Oysa özellikle Birinci Dünya Savaşı Türkiye açısından çok ilginç bir dönemdir.
Müttefikimiz Almanya'nın peşine takılıp Mısır'ı, Orta Asya'daki Turan ülkesini fethetmeye kalkışan maceracıların ve onlardan önceki zavallı hasta adam Osmanlı'nın marifetlerini (!) bilmeyiz.
Savaş 1914 yılında başladı ve biz de balıklama daldık ve boyumuzu aşan işlere giriştik. Gücümüz kuvvetimiz yoktu. İki yıl önce Balkan Harbi'nden hezimetle çıkmıştık.
* * *
Hukuk fakültesi öğrencisi İsmail Hakkı Sunata 22 yaşında askere çağrıldı. Önce İzmir Buca, sonra Çanakkale, sonra Kafkas (Doğu Anadolu) cephesi ve en sonunda İran'a girip Ermenileri kovalayan ordumuzda dört yıl boyunca askerlik yaptı. Bütün bu cephelerde yaşadıklarını günü gününe not etti. Şimdi bu kitabı okuyorum:
“Gelibolu'dan Kafkaslara. Birinci Dünya Savaşı Anılarım.” (Türkiye İş Bankası Kültür Yayınları.)

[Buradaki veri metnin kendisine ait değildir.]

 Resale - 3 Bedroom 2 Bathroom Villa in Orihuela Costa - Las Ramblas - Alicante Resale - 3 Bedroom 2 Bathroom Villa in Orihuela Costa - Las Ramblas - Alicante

Şimdi size bu kitaptan rastgele alıntı yaptığım bölük pörçük anılardan bir demet sunacağım ki savaşın vahşetini görün. İsmail Hakkı Bey Kafkas cephesinde, birliği ile birlikte karlı dağ başlarında görev yapıyor. Yol olmadığı için askere yiyecek gelmiyor, aç kalıyorlar:
“…Yolda düşüp ölen veya can çekişen katır ve beygirlere rastladık. Bu ölen hayvanların her birinin önünde üç beş asker ellerindeki adi bir çakı ile bu hayvanların kaba etlerini kesip alıyor, bazıları torbalarına dolduruyor, bazıları çiğ çiğ ısırıp yemeye çalışıyor. Köpeklerin yediği bu leşlerle askerimiz beslenmeye çalışıyor. Ne facialar yarabbim…”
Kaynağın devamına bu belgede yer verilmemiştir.